Uno tra i più influenti gruppi che appoggiano le battaglie per i diritti delle comunità gay e bisessuali negli Usa come in America Latina e in Europa è quello dei «Catholics for a Free Choice», un’organizzazione che assieme all’«International Lesbian and Gay Association» (presente in 90 Paesi con oltre 400 organizzazioni affiliate) lavora a Bruxelles per far pressione sui legislatori affinché agiscano contro gli Stati che non riconoscono le unioni omosessuali.
Giusto per capirne la potenza economica, il gruppo «Catholics for a Free Choice» dispone di un budget annuale di 900mila dollari ed è finanziata da molti «poteri forti», tra cui la Playboy Foundation, la MacArthur Foundation, l’Open Society Institute del finanziere George Soros e la Rockefeller Foundation. Le medesime fondazioni, poi, con l’aggiunta di colossi dell’industria mondiale – dalla Kodak all’American Airlines, da Apple alla Toyota – finanziano per decine di migliaia di dollari la più importante organizzazione gay con sede a Washington: la «Human Rights Campaign».
E solo per citare un altro colosso, la Sony è tra i fondatori di «Mtv Gay Channel» e sponsorizza gli attivisti pro-nozze gay e pro-aborto della «Rock for Choice» che coinvolge numerose star della musica, dai Red Hot Chili Peppers a Tracy Chapman.
Come fanno notare molti intellettuali, la potenza politico-economica dei gruppi gay è tale da influenzare l’intero ambito sociale, arrivando a imporre le regole del «politicamente corretto».
Esempi? La riforma del diritto di famiglia voluta da Zapatero in Spagna per introdurre il matrimonio tra omosessuali ha cancellato dal codice civile i termini «marito» e «moglie» (sostituiti da «coniuge») e «padre» e «madre» (sostituiti da «genitore»); la Bbc ha diramato una circolare interna in cui bandisce i termini «padre» e «madre»; il ministero della Pubblica istruzione inglese suggerisce agli insegnanti di redarguire i bambini che si riferiscano ai propri genitori chiamandoli «mamma» o «papà» perché ciò farebbe sentire discriminati i bambini cresciuti da coppie omosessuali...
E qualche mese fa, a una domanda della giuria di Miss America sulle unioni gay, Carrie Prejean, rispondendo che «nella mia nazione ideale il matrimonio è tra un uomo e una donna», si è giocata il titolo. (...)
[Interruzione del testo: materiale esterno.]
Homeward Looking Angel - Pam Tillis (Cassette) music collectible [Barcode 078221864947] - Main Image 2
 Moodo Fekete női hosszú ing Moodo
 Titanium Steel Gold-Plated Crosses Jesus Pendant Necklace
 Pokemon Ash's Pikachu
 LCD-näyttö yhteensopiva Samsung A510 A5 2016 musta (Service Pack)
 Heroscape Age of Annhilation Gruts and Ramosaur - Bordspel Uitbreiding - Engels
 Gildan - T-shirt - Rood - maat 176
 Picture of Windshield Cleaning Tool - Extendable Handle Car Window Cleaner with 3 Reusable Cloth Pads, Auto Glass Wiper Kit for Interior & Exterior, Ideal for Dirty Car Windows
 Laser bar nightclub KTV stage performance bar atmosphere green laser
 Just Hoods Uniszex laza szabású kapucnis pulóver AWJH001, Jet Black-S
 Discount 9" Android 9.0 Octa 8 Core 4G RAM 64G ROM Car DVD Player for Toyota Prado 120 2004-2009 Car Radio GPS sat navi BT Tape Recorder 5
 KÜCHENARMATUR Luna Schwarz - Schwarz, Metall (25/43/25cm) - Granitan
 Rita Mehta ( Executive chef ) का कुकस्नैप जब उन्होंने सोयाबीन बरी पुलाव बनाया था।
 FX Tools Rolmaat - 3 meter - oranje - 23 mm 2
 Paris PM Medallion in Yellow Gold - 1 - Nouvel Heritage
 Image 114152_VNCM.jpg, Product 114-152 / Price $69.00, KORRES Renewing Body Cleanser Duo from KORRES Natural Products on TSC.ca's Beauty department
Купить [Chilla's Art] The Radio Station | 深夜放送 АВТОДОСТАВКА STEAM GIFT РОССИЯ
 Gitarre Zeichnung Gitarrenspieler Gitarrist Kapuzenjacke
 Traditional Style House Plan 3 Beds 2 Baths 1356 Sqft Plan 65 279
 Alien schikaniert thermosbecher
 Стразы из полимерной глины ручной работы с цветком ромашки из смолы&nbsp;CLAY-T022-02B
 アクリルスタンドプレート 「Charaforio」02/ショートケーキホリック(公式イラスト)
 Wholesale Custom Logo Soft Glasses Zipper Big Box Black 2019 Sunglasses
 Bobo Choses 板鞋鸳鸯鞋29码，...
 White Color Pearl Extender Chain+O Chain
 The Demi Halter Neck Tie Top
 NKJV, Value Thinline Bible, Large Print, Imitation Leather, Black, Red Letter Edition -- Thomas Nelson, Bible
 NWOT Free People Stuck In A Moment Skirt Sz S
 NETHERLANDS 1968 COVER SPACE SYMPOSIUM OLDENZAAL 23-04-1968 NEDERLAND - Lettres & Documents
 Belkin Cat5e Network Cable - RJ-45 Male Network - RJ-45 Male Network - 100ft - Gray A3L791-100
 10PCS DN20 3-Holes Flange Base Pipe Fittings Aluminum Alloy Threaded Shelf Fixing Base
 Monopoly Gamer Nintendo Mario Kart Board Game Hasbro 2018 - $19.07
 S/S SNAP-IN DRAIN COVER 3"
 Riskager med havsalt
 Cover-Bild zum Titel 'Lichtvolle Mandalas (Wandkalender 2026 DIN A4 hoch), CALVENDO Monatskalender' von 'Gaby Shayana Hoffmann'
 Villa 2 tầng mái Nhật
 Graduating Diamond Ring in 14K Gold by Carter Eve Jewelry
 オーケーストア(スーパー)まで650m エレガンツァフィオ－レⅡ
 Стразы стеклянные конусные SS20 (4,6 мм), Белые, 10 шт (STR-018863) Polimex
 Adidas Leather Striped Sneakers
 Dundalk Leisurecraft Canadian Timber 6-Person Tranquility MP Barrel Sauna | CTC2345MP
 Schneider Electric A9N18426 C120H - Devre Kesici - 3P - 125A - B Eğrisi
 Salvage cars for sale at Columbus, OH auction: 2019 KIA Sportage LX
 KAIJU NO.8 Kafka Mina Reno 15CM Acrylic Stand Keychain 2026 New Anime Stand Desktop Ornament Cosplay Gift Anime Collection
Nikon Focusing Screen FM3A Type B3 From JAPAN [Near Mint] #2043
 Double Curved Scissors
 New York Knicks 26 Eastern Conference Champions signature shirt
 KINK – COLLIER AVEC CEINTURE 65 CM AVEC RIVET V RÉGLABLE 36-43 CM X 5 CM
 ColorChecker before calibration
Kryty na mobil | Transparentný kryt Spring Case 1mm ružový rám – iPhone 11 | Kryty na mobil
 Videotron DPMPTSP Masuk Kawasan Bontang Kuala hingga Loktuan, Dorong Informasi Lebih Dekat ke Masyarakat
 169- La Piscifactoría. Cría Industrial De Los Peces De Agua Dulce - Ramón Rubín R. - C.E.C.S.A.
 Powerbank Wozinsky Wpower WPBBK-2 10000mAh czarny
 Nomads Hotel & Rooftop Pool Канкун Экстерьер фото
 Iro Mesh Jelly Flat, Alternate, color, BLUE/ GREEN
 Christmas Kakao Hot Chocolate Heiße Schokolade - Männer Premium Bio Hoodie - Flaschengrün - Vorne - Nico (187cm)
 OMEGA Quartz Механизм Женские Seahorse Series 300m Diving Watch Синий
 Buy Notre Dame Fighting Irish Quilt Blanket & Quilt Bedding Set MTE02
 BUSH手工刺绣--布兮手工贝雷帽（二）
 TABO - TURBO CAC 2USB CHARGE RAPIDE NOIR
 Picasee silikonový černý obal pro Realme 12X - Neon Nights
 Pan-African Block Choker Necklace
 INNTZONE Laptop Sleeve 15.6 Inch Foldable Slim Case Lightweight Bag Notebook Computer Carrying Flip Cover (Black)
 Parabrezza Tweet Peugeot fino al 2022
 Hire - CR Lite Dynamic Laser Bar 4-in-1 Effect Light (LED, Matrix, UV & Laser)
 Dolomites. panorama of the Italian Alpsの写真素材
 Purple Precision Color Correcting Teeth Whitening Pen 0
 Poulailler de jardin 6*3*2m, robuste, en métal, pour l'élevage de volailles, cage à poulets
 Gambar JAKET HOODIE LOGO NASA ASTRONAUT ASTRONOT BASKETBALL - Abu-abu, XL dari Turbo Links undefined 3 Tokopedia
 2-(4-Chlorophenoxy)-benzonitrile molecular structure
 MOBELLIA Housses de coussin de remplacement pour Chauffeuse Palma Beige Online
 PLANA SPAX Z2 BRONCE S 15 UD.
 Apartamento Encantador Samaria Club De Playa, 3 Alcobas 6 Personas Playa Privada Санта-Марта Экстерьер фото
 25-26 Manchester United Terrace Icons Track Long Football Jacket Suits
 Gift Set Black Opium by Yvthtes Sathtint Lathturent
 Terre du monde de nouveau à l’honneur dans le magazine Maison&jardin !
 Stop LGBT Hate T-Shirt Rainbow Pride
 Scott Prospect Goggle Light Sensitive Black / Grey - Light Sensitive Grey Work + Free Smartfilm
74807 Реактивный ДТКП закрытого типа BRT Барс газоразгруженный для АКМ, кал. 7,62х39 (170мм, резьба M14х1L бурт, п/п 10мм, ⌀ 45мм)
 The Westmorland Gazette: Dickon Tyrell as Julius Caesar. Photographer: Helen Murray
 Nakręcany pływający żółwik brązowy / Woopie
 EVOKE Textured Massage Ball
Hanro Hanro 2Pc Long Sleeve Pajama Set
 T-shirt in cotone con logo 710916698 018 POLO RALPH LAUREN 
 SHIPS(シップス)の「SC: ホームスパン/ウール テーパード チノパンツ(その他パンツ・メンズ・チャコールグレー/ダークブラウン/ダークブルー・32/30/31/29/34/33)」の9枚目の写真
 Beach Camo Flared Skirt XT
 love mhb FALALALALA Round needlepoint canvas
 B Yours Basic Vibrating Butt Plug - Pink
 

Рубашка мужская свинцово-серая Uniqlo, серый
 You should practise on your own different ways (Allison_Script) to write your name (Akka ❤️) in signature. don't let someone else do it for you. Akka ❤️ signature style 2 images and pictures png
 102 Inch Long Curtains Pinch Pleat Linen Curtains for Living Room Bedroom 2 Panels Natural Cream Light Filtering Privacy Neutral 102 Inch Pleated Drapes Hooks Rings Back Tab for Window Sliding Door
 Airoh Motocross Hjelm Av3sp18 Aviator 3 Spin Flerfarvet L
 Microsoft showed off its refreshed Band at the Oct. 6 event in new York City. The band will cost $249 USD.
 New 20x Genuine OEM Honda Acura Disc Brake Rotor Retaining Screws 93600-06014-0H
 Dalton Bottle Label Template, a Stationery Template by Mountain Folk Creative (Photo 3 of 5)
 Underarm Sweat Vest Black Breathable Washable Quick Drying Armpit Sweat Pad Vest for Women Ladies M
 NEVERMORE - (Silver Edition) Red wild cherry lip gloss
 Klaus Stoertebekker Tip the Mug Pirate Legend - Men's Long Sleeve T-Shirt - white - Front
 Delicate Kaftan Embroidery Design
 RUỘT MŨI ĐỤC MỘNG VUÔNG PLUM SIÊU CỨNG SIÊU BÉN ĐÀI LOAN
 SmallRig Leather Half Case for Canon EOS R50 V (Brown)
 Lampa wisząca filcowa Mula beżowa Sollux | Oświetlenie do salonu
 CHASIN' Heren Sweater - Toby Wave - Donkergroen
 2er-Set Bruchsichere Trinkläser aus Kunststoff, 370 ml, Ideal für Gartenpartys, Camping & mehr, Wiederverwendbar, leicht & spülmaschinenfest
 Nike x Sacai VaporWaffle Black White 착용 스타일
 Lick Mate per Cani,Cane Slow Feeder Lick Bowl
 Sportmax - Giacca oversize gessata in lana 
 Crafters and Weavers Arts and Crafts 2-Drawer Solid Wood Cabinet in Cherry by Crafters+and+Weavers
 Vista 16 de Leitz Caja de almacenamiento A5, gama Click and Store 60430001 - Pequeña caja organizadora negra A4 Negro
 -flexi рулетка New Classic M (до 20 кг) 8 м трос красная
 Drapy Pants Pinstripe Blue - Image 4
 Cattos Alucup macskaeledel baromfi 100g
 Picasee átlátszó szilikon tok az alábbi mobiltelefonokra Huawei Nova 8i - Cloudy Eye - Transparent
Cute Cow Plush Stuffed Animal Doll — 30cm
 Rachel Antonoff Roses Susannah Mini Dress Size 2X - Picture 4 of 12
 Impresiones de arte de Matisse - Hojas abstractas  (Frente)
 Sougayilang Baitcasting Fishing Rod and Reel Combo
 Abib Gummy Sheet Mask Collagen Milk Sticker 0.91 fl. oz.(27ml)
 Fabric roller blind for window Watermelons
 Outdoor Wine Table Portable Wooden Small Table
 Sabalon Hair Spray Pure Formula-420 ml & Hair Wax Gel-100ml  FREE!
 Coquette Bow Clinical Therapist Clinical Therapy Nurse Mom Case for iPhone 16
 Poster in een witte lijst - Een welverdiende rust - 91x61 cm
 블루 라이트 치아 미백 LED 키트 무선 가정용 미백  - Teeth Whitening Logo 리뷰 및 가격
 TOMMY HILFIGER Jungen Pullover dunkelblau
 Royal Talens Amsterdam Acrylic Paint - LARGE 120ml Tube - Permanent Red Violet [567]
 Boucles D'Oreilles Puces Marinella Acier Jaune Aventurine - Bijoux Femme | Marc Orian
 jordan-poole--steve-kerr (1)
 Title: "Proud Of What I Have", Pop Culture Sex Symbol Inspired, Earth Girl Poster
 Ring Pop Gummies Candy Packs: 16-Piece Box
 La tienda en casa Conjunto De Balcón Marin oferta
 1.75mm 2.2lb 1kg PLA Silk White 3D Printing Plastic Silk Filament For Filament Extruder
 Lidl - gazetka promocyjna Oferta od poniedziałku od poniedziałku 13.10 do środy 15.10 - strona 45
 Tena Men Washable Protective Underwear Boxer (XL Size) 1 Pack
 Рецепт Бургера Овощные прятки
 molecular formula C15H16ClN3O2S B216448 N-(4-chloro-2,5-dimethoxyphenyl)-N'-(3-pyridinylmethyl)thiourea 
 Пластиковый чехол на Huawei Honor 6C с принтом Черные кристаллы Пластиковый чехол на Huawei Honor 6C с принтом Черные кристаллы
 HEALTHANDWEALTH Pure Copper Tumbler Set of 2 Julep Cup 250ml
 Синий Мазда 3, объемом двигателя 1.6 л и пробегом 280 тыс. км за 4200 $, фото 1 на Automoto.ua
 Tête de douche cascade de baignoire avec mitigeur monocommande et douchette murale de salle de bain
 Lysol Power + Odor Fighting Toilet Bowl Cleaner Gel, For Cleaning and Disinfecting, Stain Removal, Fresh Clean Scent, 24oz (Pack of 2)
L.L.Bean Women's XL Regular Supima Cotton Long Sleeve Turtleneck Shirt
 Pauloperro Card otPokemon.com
Intanto, anche da noi, sull’onda mediatica del successo di film e serial tv politicamente molto corretti e culturalmente molto queer, c’è chi sta pensando di fondare un partito «altro». All’ultimo Gay Pride, a Genova lo scorso giugno, il presidente di Arcigay Aurelio Mancuso ha ribadito la necessità per i gay di «entrare in politica». Sfilando in piazza per andare ben oltre il semplice concetto di lobby.